Prince Harry lost a legal challenge on Tuesday of his petition to pay for police protection in Britain, days after he and his wife, Meghan, were caught in a much-disputed confrontation with photographers in New York City.
In the case, the High Court in London rejected Harry’s request for a judicial review of a decision by the Home Office to reject his application to pay privately for protection from the Metropolitan Police when he and his family visit Britain. Lawyers for the Home Office argued that it was improper for police officers, in effect, to be hired out as private security guards.
Lawyers for Harry, also known as the Duke of Sussex, had argued that he and his family needed that level of protection when visiting from the United States, where he now lives, and that the prince was willing to pay for it out of his own pocket.
Harry lost his automatic police protection when he and Meghan stepped back from their duties as working members of the royal family in 2020.
The decision is a setback for Harry at a time when his security has come under heightened scrutiny. Last week, he and Meghan, along with Meghan’s mother, Doria Ragland, were swarmed by photographers after they left an award ceremony in Midtown Manhattan. What happened after that is the subject of sharply conflicting accounts.

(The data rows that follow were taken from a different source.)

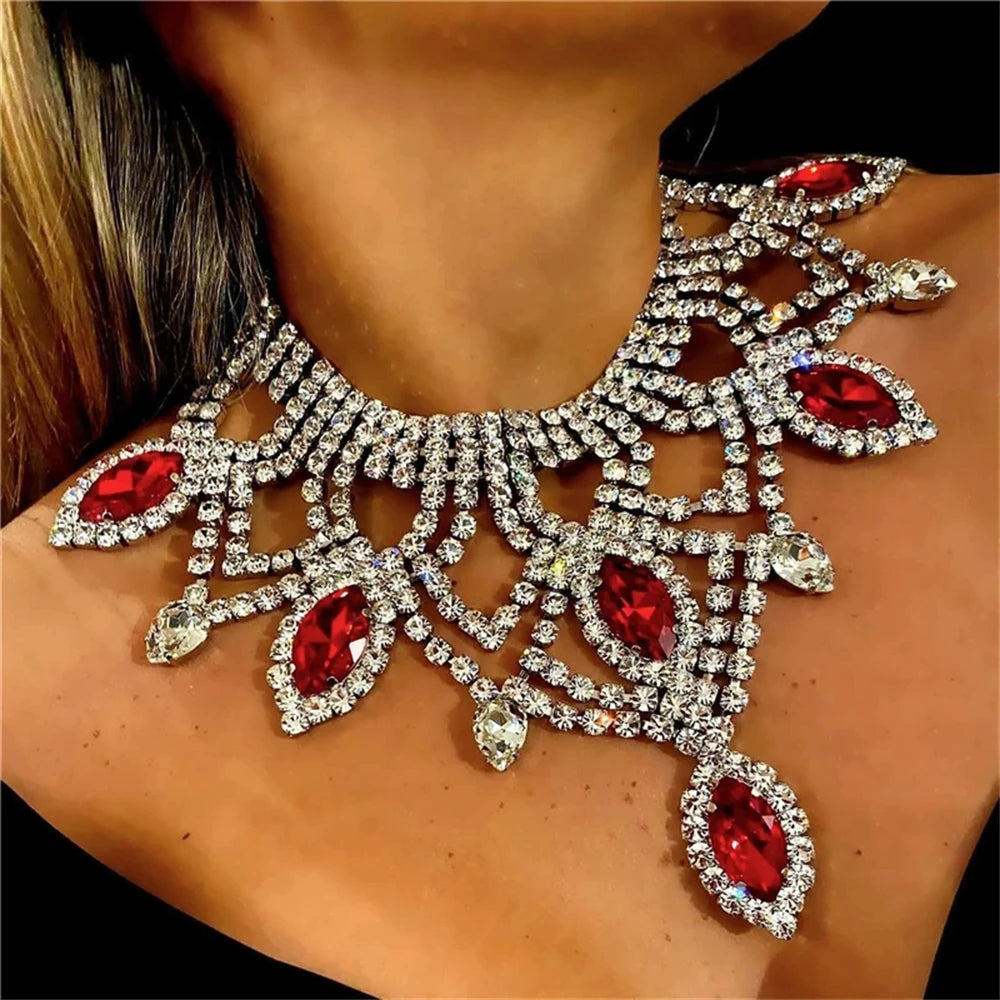 Exaggerated AB Crystal Pendant Large Necklace Women's Luxury Shiny Bridal Wedding Party Rhinestone Jewelry Necklace Accessories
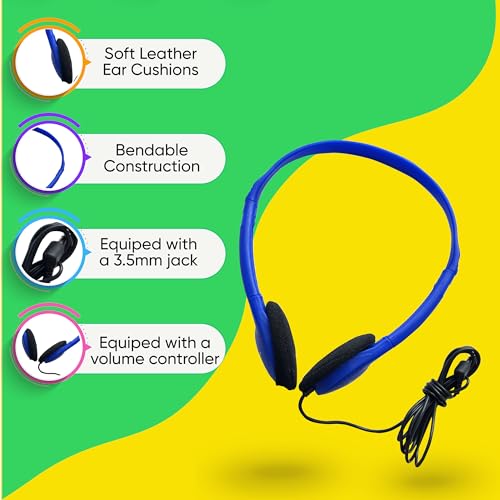 5 Pack Bulk Wired Headphones, On Ear with 3.5mm Jack, 4ft Tangle Free Cable, Comfortable Fit, Affordable and Cost Effective, Ideal for School Classroom Testing Students Events Groups, Black
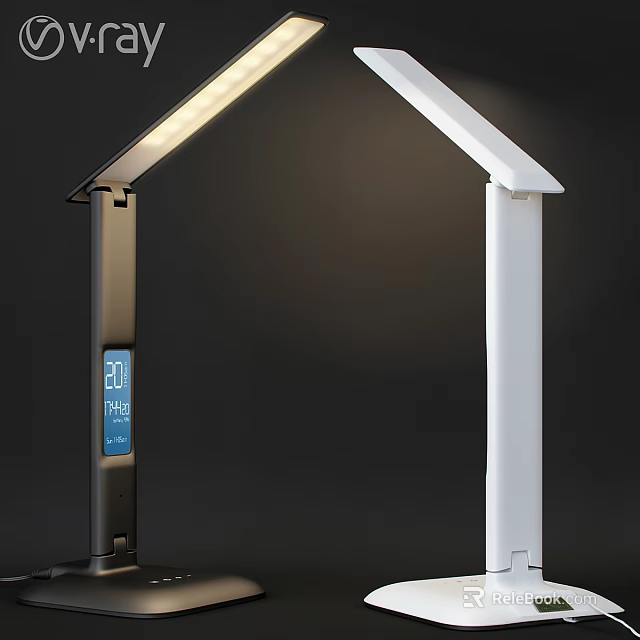 Modern White And Black Desk Lamp With Digital Display And LED Light Function 3d model 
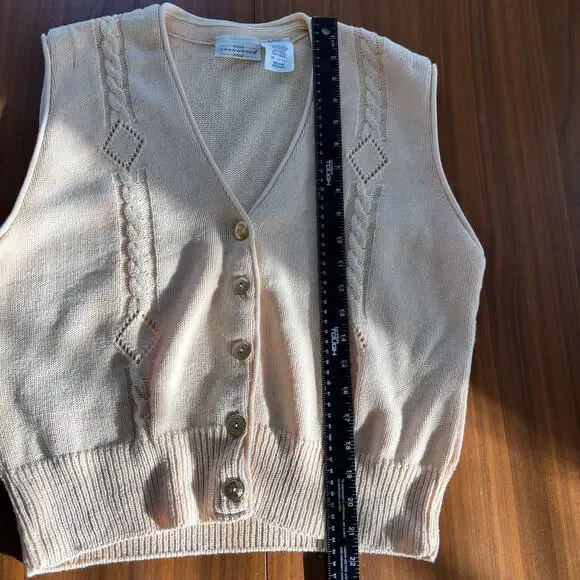 90s Vintage Yarn Works 100% Cotton V Neck Cable Knit Sweater Vest Gold Buttons M - Picture 5 of 6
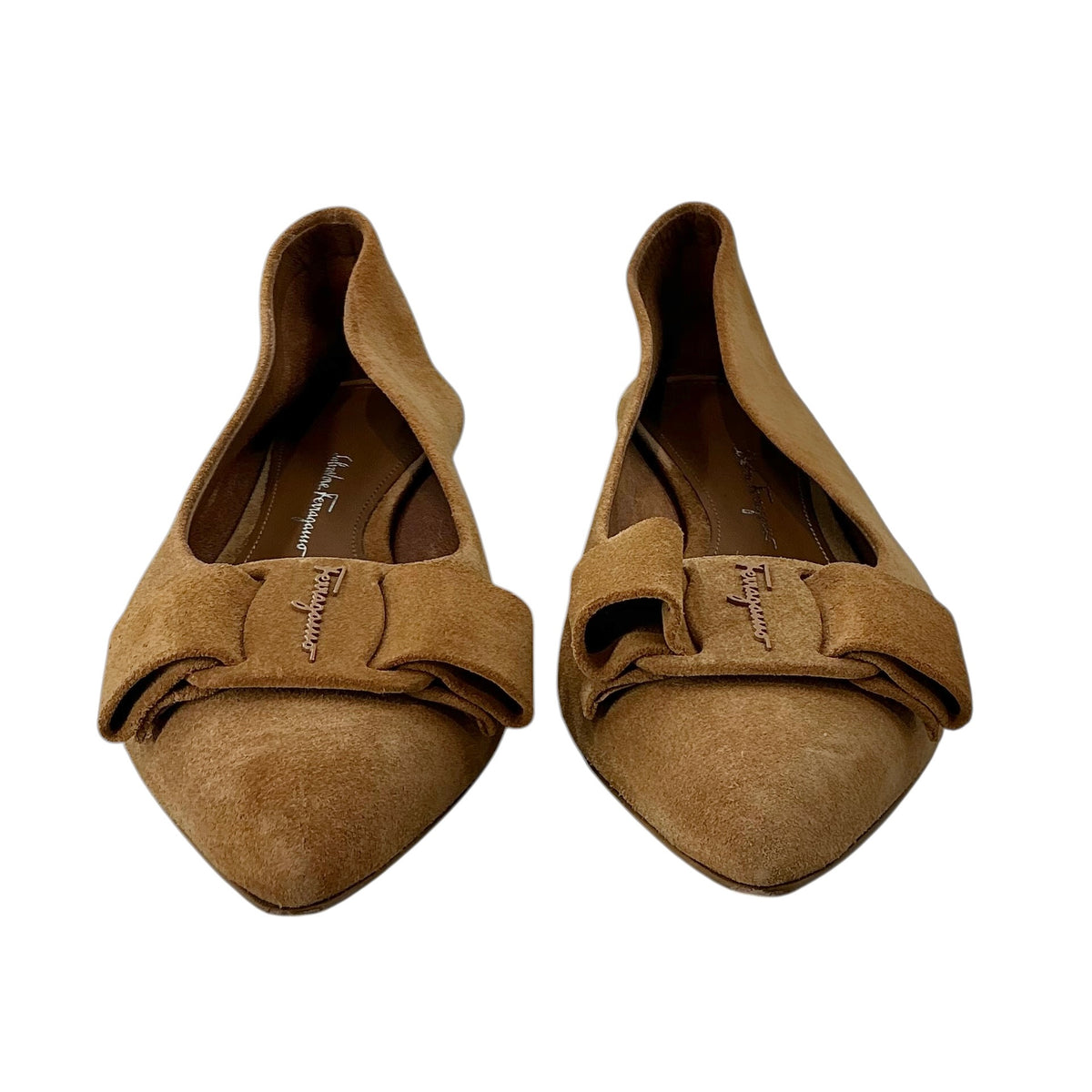 Salvatore Ferragamo Viva Bow Suede Flats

A spokeswoman for the couple described a “a near catastrophic car chase at the hands of a ring of highly aggressive paparazzi.” But a taxi driver who briefly transported the three said that there had been no car chase and no reason for his passengers to be frightened, even though he acknowledged that they appeared to have been alarmed.
A spokesman for the New York Police Department said that the photographers had posed a challenge but added that the three had arrived at their destination on the Upper East Side without “reported collisions, summonses, injuries, or arrests.”
Traveling in Britain poses a particular security challenge to Harry and Meghan because their private security guards are not allowed to carry guns.
As a working royal, the prince said that he never traveled without three armed bodyguards. During negotiations with palace officials over his new status, Harry wrote in his memoir, “Spare,” he pleaded for the bodyguards to be left in place, even if he lost all the other royal perks.
“I offered to defray the cost of security out of my own pocket,” he wrote. “I wasn’t sure how I’d do that, but I’d find a way.”